Après son sacre à l'US Open en septembre, Carlos Alcaraz est devenu numéro 1 mondial, à 19 ans.Image: keystone

Carlos Alcaraz: «J'aurais aimé jouer une fois contre Roger Federer»

En l'absence du Maître, parti à la retraite, le jeune Espagnol est l'attraction des Swiss Indoors de Bâle cette semaine. Le numéro 1 mondial parle de l'image qu'il a de ce tournoi, de son nouveau statut et de sa relation avec son coach. Interview.
24.10.2022, 18:5624.10.2022, 18:56
Jakob Weber & Simon Häring / ch media

Après le départ à la retraite du recordman de titres Roger Federer (10), Carlos Alcaraz est l'attraction des Swiss Indoors de Bâle. L'Espagnol de 19 ans, vainqueur du dernier US Open et plus jeune numéro 1 mondial de l'Histoire, est le présent et l'avenir du tennis.
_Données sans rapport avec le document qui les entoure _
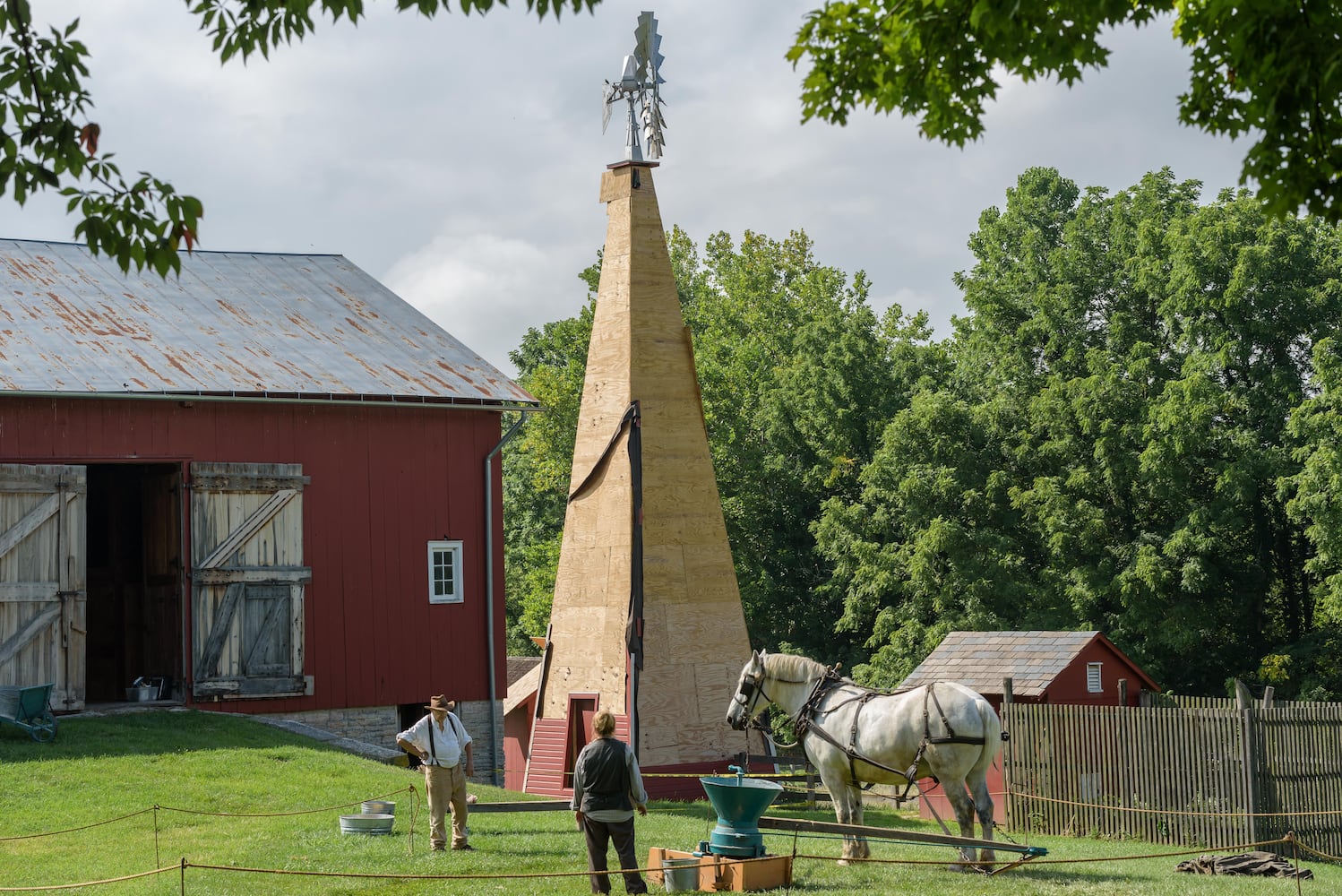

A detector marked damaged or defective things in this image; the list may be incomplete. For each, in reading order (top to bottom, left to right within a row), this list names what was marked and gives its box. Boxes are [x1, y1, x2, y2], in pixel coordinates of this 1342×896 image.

rusty roof panel [0, 237, 537, 405] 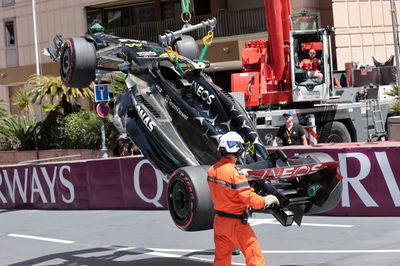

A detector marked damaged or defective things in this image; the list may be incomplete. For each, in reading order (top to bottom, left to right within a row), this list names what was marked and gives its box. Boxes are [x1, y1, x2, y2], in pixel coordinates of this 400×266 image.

exposed tire [59, 37, 96, 88]
exposed tire [173, 34, 199, 59]
crashed f1 car [46, 18, 340, 231]
exposed tire [318, 121, 352, 143]
exposed tire [167, 166, 214, 231] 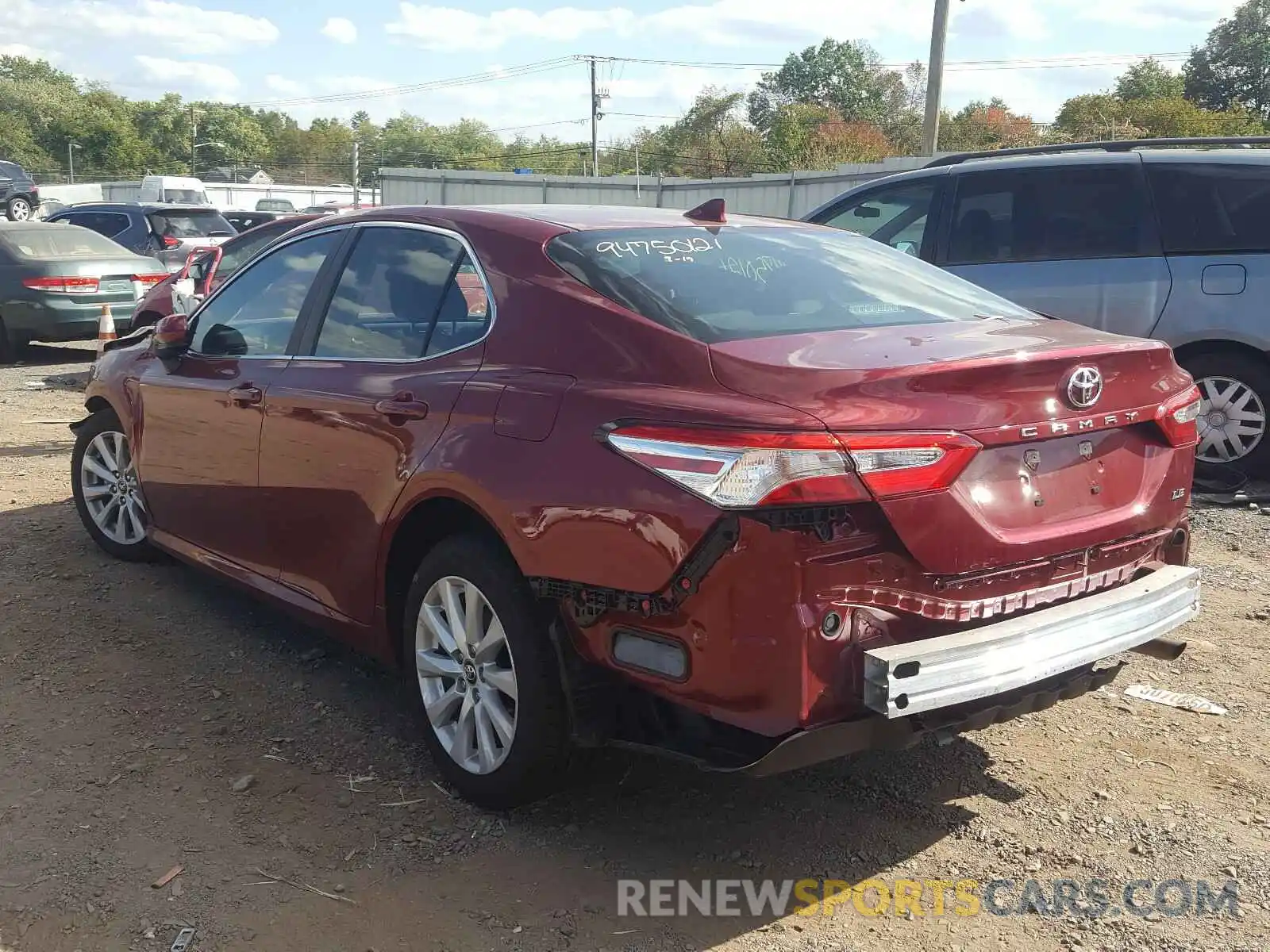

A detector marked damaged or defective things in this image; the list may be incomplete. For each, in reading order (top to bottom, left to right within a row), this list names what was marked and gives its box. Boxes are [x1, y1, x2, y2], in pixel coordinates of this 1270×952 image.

broken rear bumper cover [864, 566, 1199, 716]
damaged rear bumper [864, 566, 1199, 716]
exposed aluminum bumper reinforcement bar [864, 563, 1199, 720] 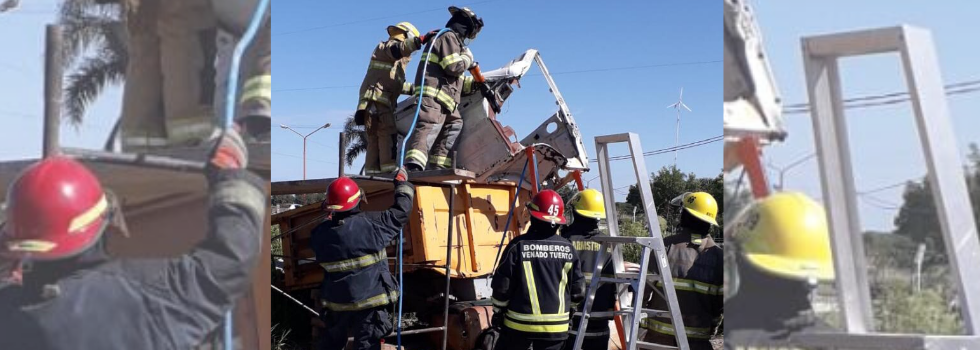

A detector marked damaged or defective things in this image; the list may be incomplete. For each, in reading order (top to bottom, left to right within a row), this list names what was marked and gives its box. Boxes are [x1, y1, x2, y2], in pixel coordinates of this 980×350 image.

wrecked truck [276, 50, 592, 350]
damaged truck frame [272, 49, 600, 350] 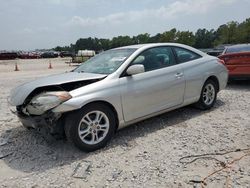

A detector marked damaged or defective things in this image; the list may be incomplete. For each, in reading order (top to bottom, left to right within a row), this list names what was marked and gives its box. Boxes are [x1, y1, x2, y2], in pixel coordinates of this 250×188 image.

broken headlight [25, 90, 71, 114] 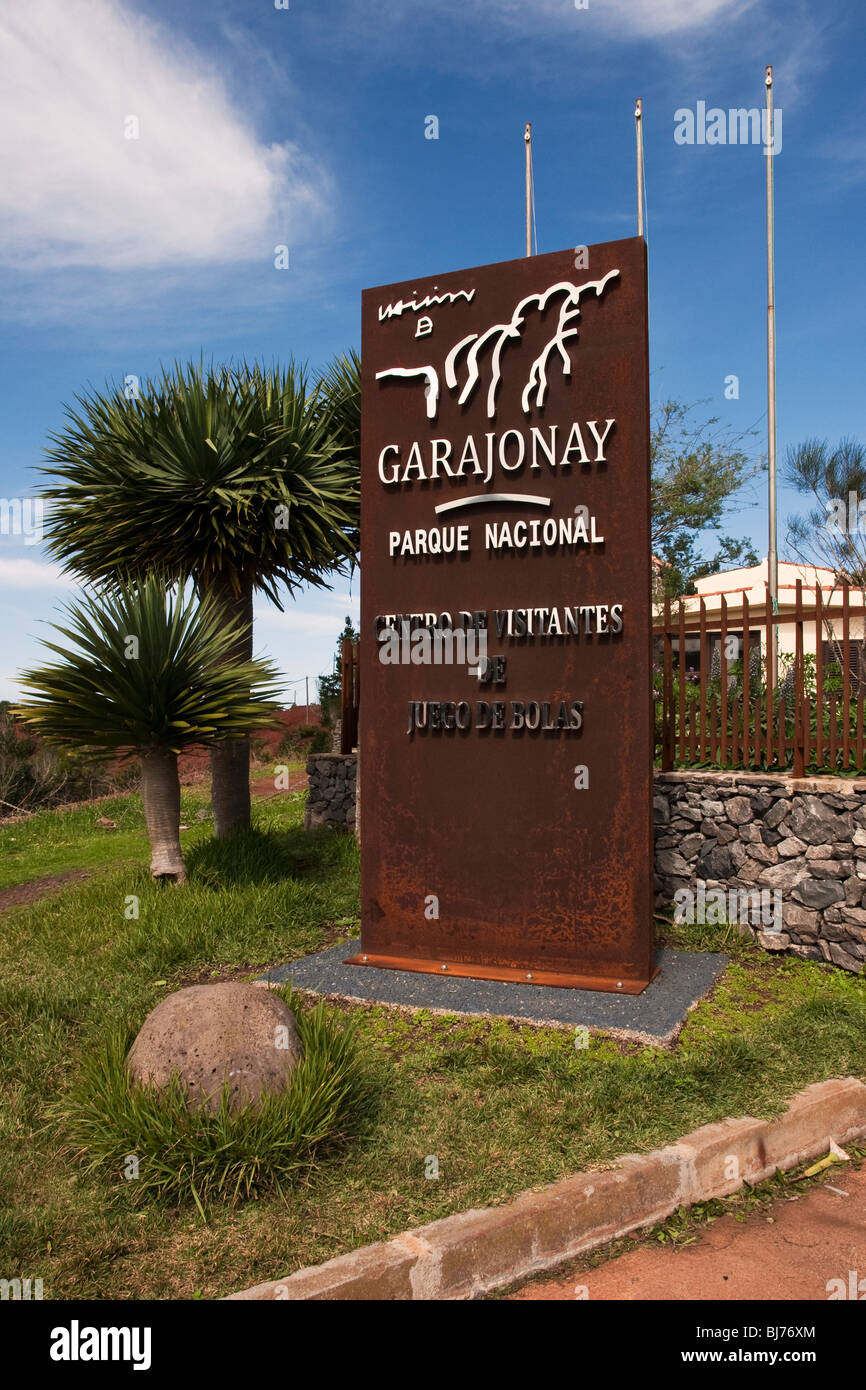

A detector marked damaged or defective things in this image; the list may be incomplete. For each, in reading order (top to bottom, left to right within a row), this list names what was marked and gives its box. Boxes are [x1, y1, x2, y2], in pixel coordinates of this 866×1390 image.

C'est la première fois qu'il joue en Suisse. Même en tant que junior, il n'est jamais venu ici. «C'est pourquoi je suis très excité, je me réjouis beaucoup», s'enthousiasme en préambule l'Ibère. Interview dans les coulisses de la Halle Saint-Jacques.

Pourquoi avez-vous choisi Bâle et non Vienne comme l'année dernière?
CARLOZ ALCARAZ: Je voulais essayer quelque chose de nouveau. En toute honnêteté? J'ai souvent vu ce tournoi à la télévision. Il m'a semblé être un endroit merveilleux où je voulais jouer. C'est pourquoi je suis ici.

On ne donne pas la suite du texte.